Parallèlement, l’Etat est appelé à mobiliser les ressources pour encourager les entreprises à prendre le risque de prospecter et de pénétrer de nouveaux marchés. Actuellement, les actions visant les PME émergentes semblent plutôt limitées. La 2e édition des contrats de croissance à l’export, qui ont été signés récemment, n’ont mobilisé qu’une enveloppe de 144,9 millions de DH pour accompagner 100 entreprises dont 80 sont émergentes.  Pour le Conseil, l’Etat doit redresser sa marge budgétaire à travers une meilleure mobilisation des recettes, en l’occurrence fiscales. Cela impose la nécessité de fixer une échéance pour la mise en œuvre des recommandations des Assises de la fiscalité, notamment celles sur l’amélioration de la compétitivité et le renforcement de la relation entre les contribuables et l’administration fiscale.

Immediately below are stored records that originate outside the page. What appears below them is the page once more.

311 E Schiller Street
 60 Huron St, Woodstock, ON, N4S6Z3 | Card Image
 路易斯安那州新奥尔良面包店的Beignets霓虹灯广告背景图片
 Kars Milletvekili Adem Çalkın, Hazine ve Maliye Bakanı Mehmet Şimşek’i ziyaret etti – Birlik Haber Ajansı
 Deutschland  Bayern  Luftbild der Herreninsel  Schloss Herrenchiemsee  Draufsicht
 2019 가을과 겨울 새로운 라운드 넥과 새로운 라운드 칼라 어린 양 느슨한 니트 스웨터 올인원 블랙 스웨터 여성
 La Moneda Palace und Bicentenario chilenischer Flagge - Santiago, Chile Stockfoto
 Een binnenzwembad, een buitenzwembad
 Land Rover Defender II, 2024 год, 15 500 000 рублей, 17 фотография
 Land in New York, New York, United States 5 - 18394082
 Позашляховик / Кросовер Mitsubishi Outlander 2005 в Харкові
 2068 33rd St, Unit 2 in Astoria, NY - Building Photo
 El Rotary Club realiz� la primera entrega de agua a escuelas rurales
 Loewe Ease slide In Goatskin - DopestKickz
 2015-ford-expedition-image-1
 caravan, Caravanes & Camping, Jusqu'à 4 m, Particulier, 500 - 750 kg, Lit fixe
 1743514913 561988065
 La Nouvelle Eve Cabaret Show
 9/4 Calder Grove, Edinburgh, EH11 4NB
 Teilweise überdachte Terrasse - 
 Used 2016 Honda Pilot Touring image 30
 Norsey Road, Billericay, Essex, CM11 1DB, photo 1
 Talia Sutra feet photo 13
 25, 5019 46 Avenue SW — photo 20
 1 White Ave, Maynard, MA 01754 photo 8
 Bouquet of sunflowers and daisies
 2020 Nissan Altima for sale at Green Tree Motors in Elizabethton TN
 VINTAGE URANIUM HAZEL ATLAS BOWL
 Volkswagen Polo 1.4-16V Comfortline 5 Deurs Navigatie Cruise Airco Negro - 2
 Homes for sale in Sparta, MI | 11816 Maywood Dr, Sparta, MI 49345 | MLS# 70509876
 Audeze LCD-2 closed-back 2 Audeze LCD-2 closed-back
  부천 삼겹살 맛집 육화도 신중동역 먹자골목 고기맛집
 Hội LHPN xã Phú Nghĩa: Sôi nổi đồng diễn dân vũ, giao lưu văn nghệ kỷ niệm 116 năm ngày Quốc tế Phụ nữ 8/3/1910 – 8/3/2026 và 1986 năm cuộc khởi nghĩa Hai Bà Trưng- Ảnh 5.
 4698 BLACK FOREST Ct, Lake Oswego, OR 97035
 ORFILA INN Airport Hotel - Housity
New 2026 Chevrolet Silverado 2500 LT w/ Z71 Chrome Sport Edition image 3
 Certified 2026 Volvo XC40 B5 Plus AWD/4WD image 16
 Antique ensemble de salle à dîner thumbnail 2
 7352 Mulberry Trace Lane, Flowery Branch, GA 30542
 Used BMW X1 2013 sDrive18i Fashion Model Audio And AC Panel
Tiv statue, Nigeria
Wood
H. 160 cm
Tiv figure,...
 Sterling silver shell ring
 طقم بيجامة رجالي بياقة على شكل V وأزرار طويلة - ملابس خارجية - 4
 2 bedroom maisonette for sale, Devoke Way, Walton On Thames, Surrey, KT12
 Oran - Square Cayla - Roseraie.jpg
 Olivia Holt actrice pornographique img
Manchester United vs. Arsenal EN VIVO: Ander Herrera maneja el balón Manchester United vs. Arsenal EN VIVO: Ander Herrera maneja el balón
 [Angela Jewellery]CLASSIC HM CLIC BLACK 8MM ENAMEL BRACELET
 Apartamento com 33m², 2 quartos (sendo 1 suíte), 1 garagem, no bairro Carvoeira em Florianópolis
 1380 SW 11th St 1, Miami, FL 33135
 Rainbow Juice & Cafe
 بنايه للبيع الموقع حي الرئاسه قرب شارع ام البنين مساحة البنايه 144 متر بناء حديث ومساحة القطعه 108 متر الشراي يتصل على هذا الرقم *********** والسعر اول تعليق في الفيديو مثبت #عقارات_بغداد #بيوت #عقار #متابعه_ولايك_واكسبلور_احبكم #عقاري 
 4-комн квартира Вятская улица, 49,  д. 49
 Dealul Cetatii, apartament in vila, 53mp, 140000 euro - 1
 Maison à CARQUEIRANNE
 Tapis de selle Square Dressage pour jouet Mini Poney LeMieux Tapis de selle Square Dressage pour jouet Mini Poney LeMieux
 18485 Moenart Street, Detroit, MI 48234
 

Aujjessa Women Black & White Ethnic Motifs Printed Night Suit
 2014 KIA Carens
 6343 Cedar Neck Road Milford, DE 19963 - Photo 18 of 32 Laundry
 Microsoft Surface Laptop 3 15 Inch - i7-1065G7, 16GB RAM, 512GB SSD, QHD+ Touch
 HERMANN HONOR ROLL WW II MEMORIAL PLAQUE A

Par ailleurs, le Conseil propose de booster la compétitivité de l’économie nationale à travers la promotion de l’innovation. Cela passe par la mise en place d’une politique mobilisant aussi bien les acteurs publics que privés pour constituer un réseau national de recherche et d’innovation dans des domaines où le Maroc possède des avantages compétitifs, comme notamment l’économie numérique. Il s’agit surtout de mettre de l’ordre dans le dispositif de la R&D trop éparpillé. Car, comme l’a déjà souligné le ministre de l’Enseignement supérieur, ce ne sont pas les incitatives qui manquent mais plutôt la coordination. Pour faire dans le concret, Daoudi avait signé une convention avec l’OCP pour financer des projets de recherche dans la filière des phosphates et dérivés dont les exportations ont chuté de 11,2 milliards de DH sur les 4 premiers mois de 2014, en baisse de 13,7%. Cependant, l’amélioration de la compétitivité du tissu productif exige le développement de la chaîne logistique. Le Conseil prône l’accélération de la mise en œuvre de la stratégie nationale pour le secteur logistique, particulièrement les actions prévues pour réduire les tarifs des prestations portuaires.

Consommer local…

Pour résorber le déficit commercial, le CESE préconise la mise en place d’une politique de défense et de promotion des produits marocains. Celle-ci devrait guider les choix des pouvoirs publics, lit-on dans le rapport 2013 du Conseil. L’idée est d’inciter à produire et à consommer des produits locaux. Déjà, les importations ont baissé de 2% au cours de 2013, à l’exception des biens d’équipement et des demi-produits. En dépit de cela, le solde commercial reste déficitaire dans la mesure où le taux de couverture a atteint 48,4%. Parallèlement, il faudra valoriser la recherche et développement qui permettra de diversifier les exportations et contribuer à la baisse du déficit extérieur. Pour les experts du CESE, le secteur industriel constitue le cadre privilégié pour des actions ciblant surtout les PME et visant le renforcement de l’innovation et de la compétitivité globale. Le Conseil cite l’exemple des exportations du secteur automobile, qui ont, pour la première fois, dépassé celles du textile et habillement.